## Material for this task
=== Begin Enclosure ===

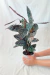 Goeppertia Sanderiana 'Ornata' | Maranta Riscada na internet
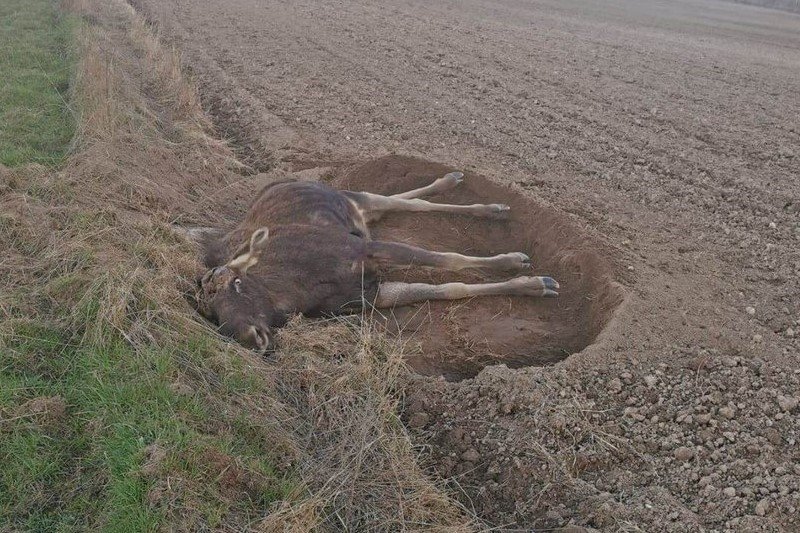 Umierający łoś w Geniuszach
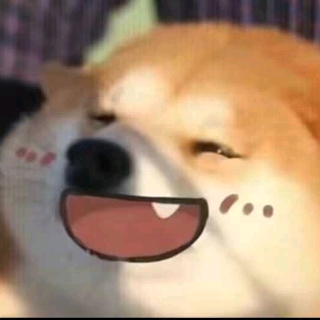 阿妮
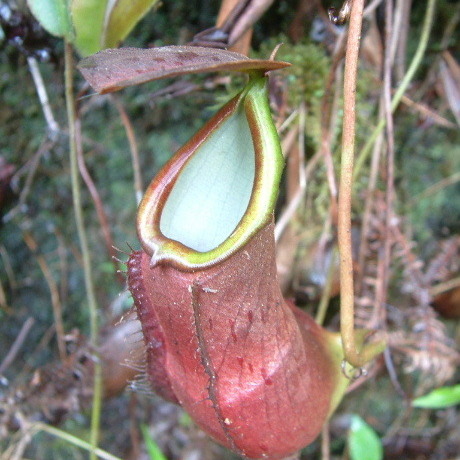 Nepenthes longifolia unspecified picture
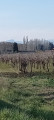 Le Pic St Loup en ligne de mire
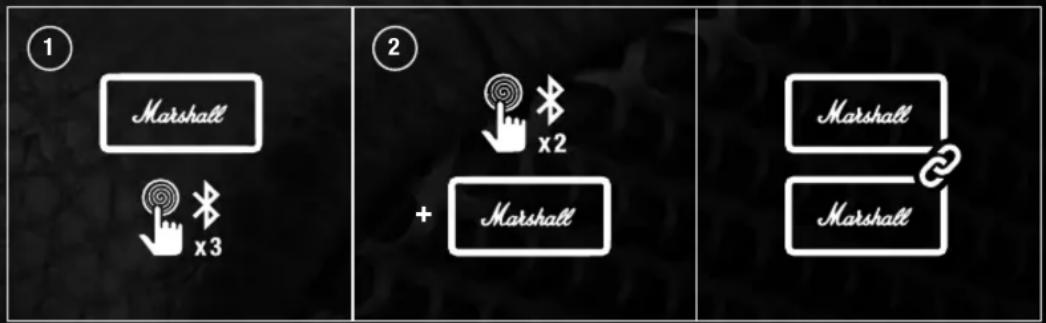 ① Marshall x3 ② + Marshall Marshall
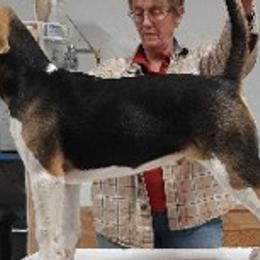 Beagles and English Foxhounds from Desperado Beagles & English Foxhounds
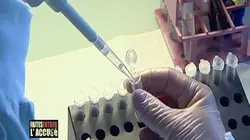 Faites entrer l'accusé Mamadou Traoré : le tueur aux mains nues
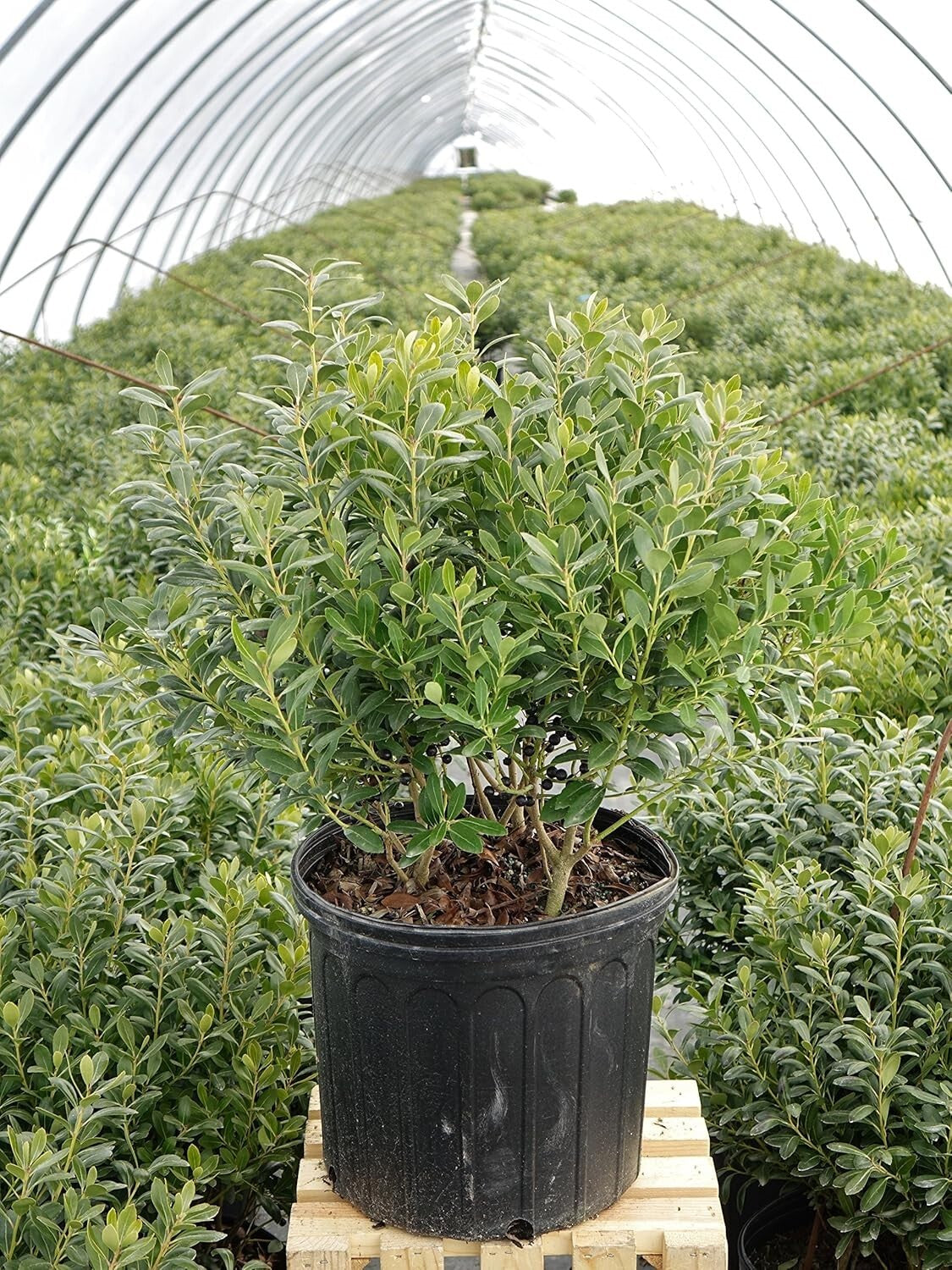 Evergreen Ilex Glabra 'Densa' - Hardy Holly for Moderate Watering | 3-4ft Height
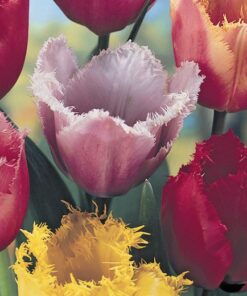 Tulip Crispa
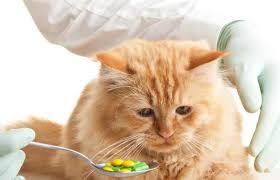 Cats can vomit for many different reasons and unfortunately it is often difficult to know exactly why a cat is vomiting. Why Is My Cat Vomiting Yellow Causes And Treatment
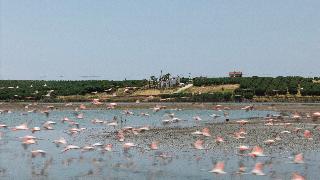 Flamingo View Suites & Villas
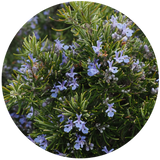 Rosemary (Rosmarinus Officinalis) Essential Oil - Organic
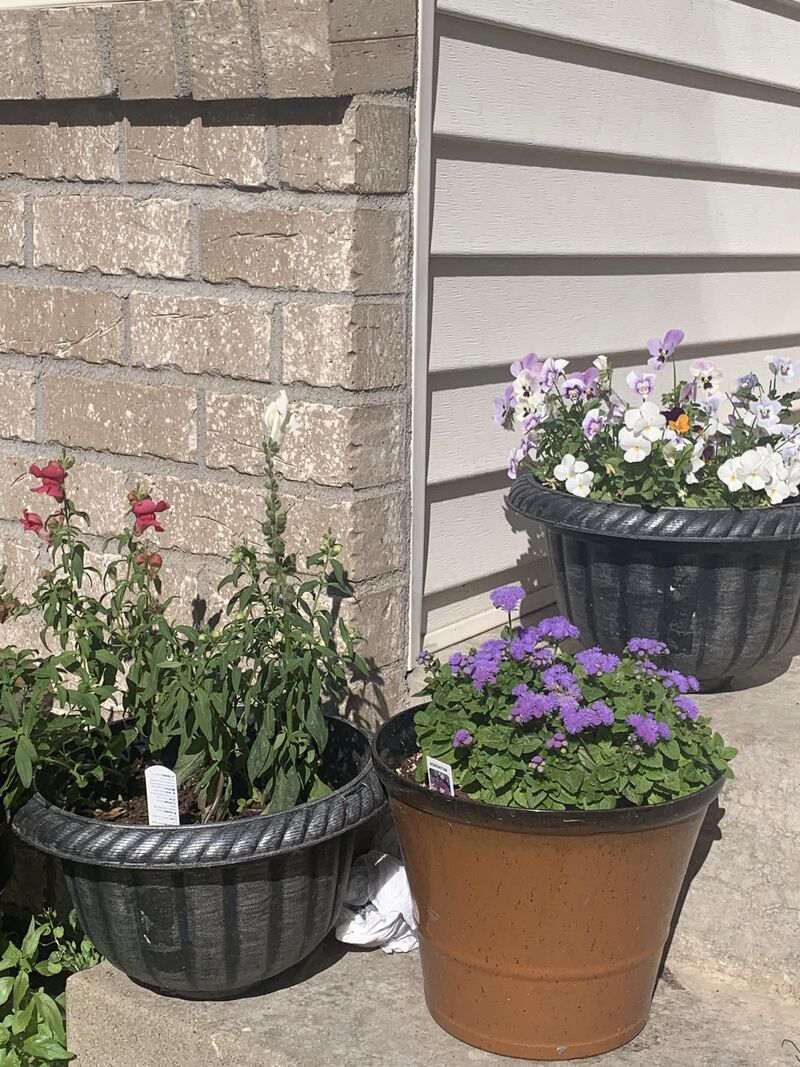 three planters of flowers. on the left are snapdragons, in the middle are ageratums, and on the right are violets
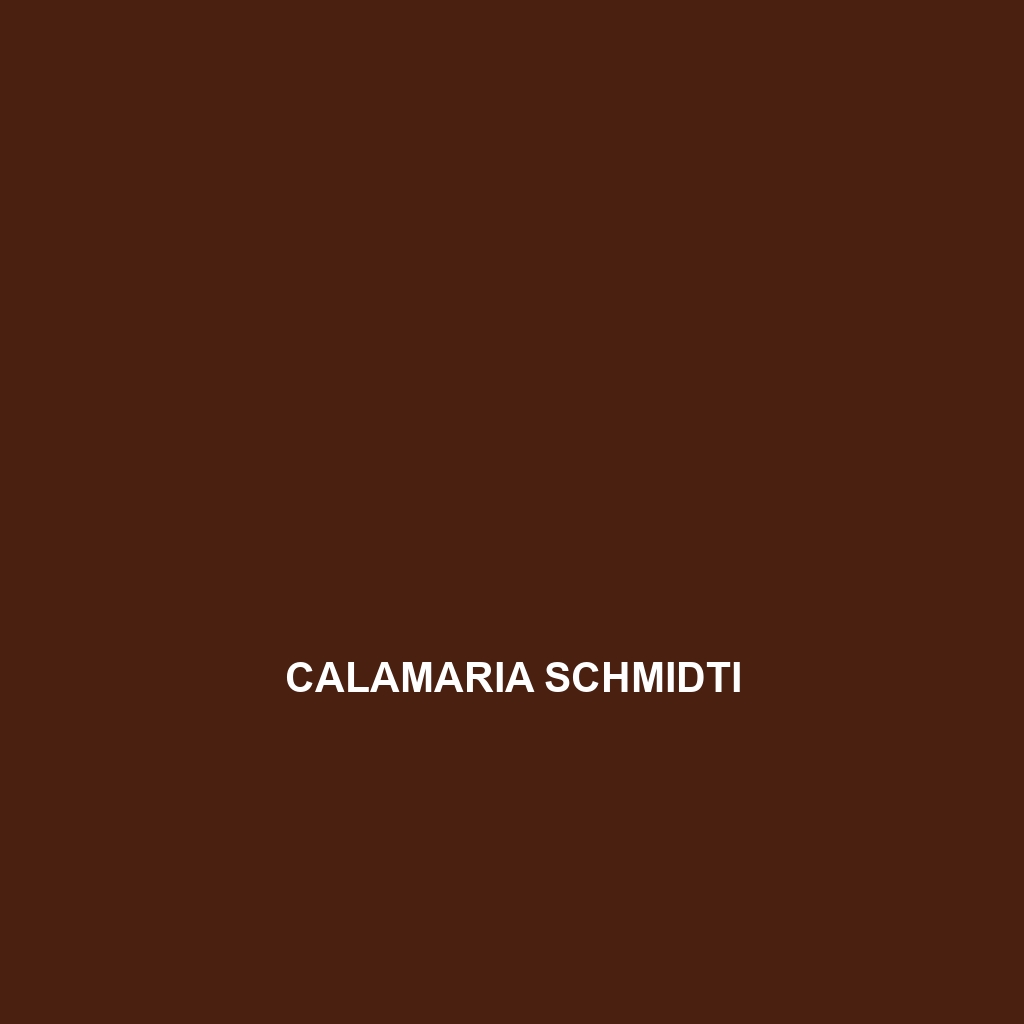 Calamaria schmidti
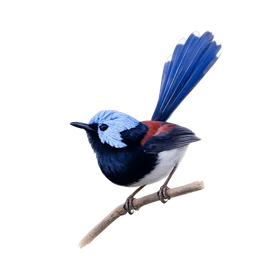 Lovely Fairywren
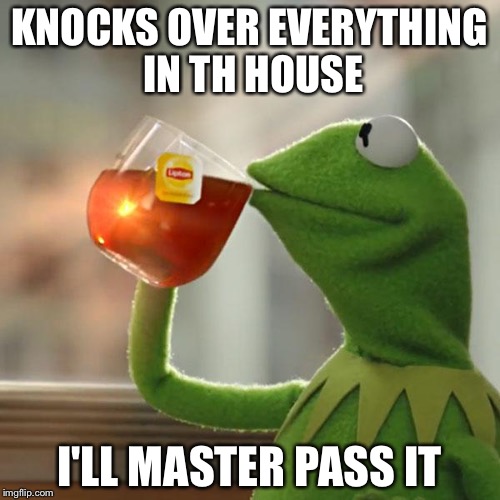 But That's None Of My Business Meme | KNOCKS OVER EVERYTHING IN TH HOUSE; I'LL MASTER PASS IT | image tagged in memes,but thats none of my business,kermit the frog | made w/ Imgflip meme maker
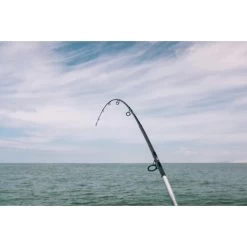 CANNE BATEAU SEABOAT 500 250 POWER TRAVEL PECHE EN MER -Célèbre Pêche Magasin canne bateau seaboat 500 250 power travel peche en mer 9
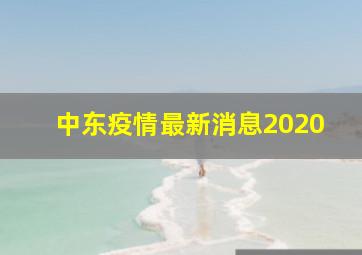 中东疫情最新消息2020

=== End Enclosure ===

## Exercise aim
Could you output all of the records exactly, without their pictures?

## Result
 Goeppertia Sanderiana 'Ornata' | Maranta Riscada na internet
 Umierający łoś w Geniuszach
 阿妮
 Nepenthes longifolia unspecified picture
 Le Pic St Loup en ligne de mire
 ① Marshall x3 ② + Marshall Marshall
 Beagles and English Foxhounds from Desperado Beagles & English Foxhounds
 Faites entrer l'accusé Mamadou Traoré : le tueur aux mains nues
 Evergreen Ilex Glabra 'Densa' - Hardy Holly for Moderate Watering | 3-4ft Height
 Tulip Crispa
 Cats can vomit for many different reasons and unfortunately it is often difficult to know exactly why a cat is vomiting. Why Is My Cat Vomiting Yellow Causes And Treatment
 Flamingo View Suites & Villas
 Rosemary (Rosmarinus Officinalis) Essential Oil - Organic
 three planters of flowers. on the left are snapdragons, in the middle are ageratums, and on the right are violets
 Calamaria schmidti
 Lovely Fairywren
 But That's None Of My Business Meme | KNOCKS OVER EVERYTHING IN TH HOUSE; I'LL MASTER PASS IT | image tagged in memes,but thats none of my business,kermit the frog | made w/ Imgflip meme maker
 CANNE BATEAU SEABOAT 500 250 POWER TRAVEL PECHE EN MER -Célèbre Pêche Magasin canne bateau seaboat 500 250 power travel peche en mer 9
 中东疫情最新消息2020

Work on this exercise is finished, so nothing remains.